**** Source material ****

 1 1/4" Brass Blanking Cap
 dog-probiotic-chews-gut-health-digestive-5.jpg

****
**** Source material ****

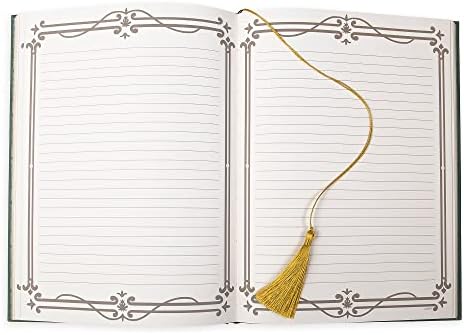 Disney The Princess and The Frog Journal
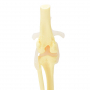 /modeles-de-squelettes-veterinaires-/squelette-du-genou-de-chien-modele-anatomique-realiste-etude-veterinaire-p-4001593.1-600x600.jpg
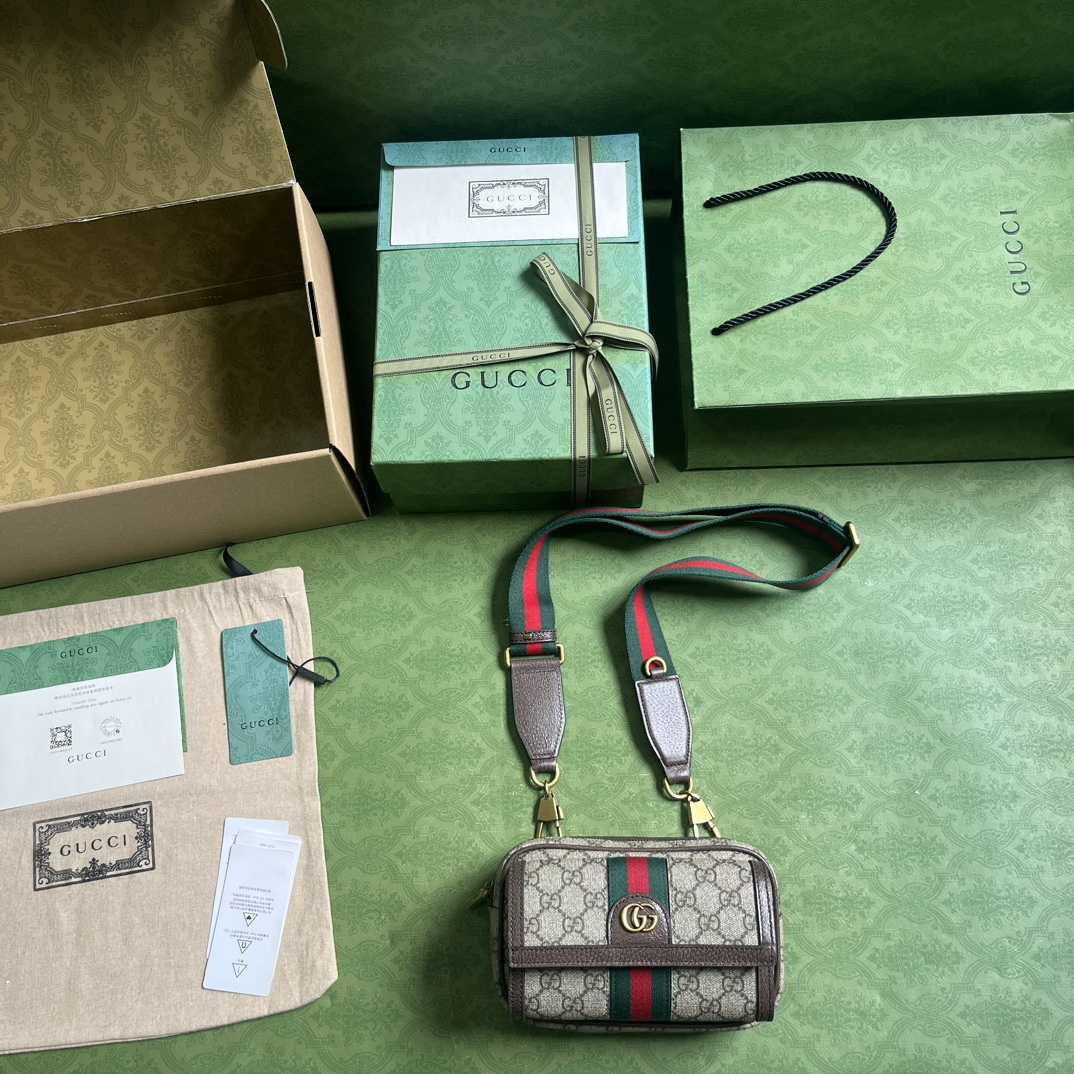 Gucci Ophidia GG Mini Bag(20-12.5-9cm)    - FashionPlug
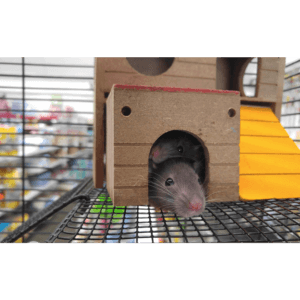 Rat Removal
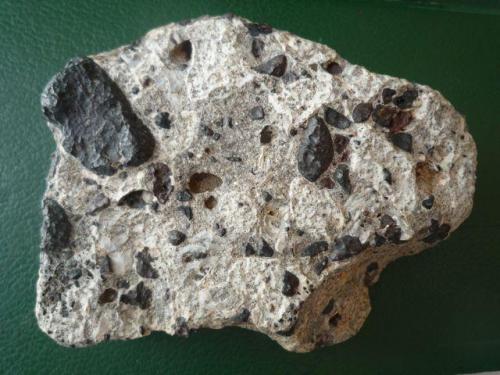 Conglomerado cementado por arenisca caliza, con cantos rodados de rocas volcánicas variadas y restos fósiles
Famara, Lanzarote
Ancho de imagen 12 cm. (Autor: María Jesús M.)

****

Aim of the exercise
Please copy the lines in the records above between the one holding "Brass Blanking Cap" and the one holding "dog-probiotic-chews-gut-health-digestive-5.jpg", inclusive, exactly and with no other line.

Solved problem
 1 1/4" Brass Blanking Cap
 dog-probiotic-chews-gut-health-digestive-5.jpg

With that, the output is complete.